PROVIDED ENTRIES:
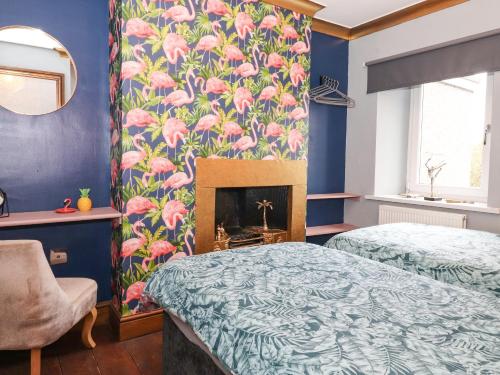 a bedroom with two beds and a fireplace at Flosh Cottage in Cleator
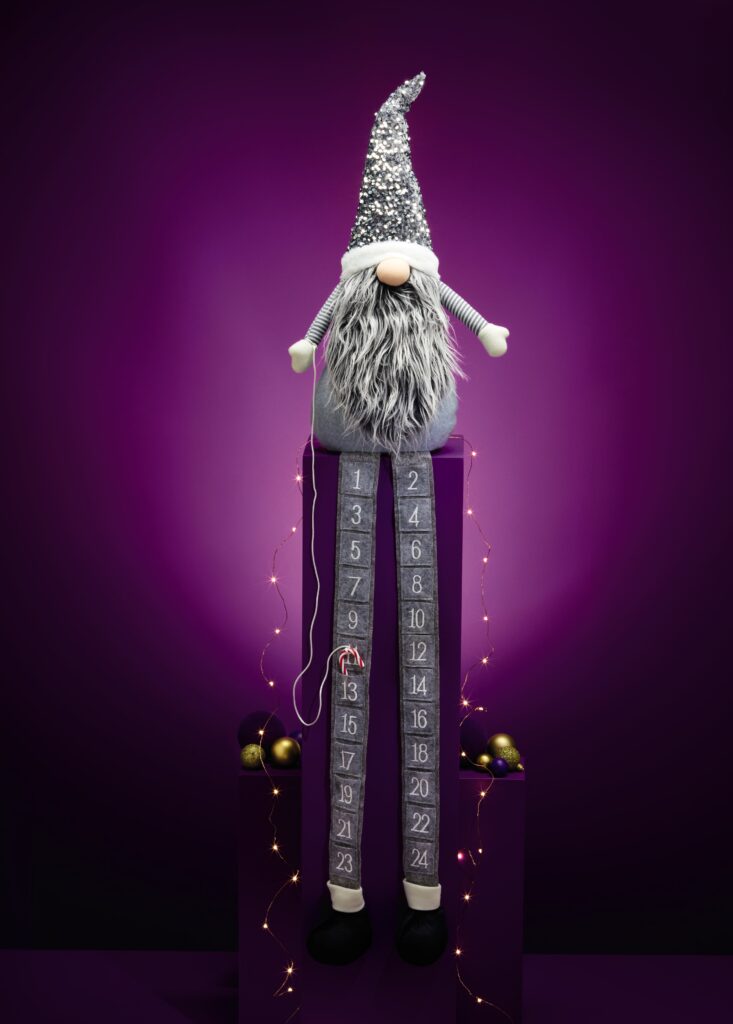 Plush advetntcalendar. Gonk with long grey beard and silver pointy hat, with legs attached that contain the advent calendar pockets.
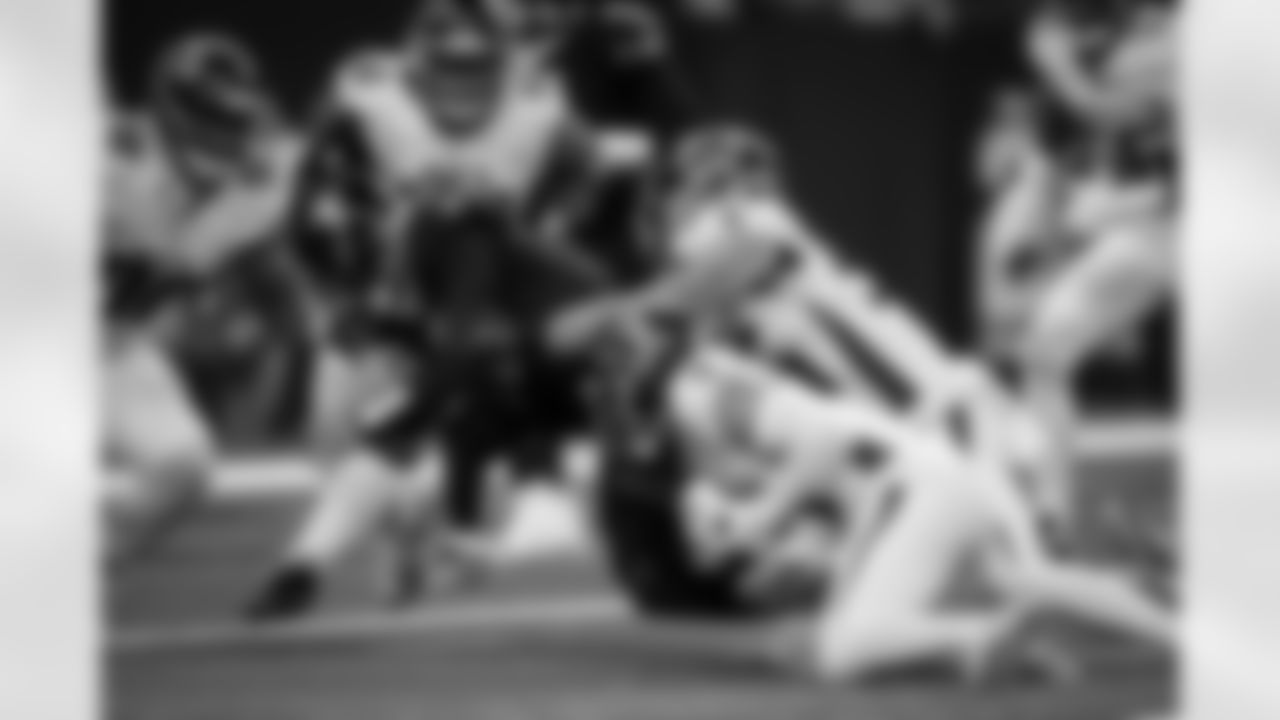 Atlanta Falcons inside linebacker Kaden Elliss #55 , Atlanta Falcons safety Jessie Bates III #3 and Atlanta Falcons defensive lineman Ruke Orhorhoro #98  make a tackle during the Week 12 Game against the New Orleans Saints at Caesars Superdome in New Orleans, Louisiana on Sunday, November 23, 2025. (Photo by Taylor McLaughlin/Atlanta Falcons)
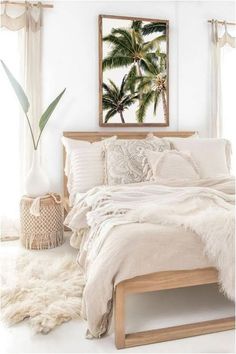 a bed with white sheets and blankets in a room next to a window, rugs and a potted plant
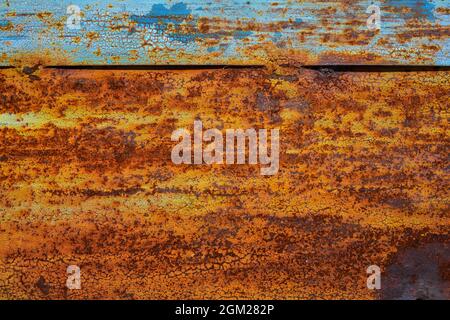 Old rusty metal door, painted blue which becomes orange from rust. Texture of cracks and peels paint Stock Photo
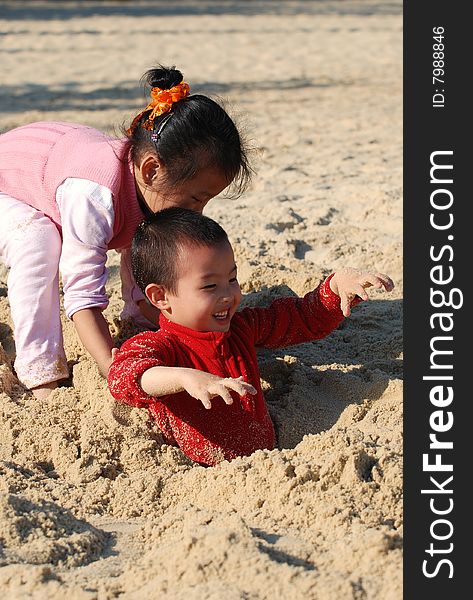 Young Kids Playing Burying Games in the sunny beach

TASK DETAILS: Give the data again exactly as it appears, but without any images.

ANSWER SPACE:
 a bedroom with two beds and a fireplace at Flosh Cottage in Cleator
 Plush advetntcalendar. Gonk with long grey beard and silver pointy hat, with legs attached that contain the advent calendar pockets.
 Atlanta Falcons inside linebacker Kaden Elliss #55 , Atlanta Falcons safety Jessie Bates III #3 and Atlanta Falcons defensive lineman Ruke Orhorhoro #98  make a tackle during the Week 12 Game against the New Orleans Saints at Caesars Superdome in New Orleans, Louisiana on Sunday, November 23, 2025. (Photo by Taylor McLaughlin/Atlanta Falcons)
 a bed with white sheets and blankets in a room next to a window, rugs and a potted plant
 Old rusty metal door, painted blue which becomes orange from rust. Texture of cracks and peels paint Stock Photo
 Young Kids Playing Burying Games in the sunny beach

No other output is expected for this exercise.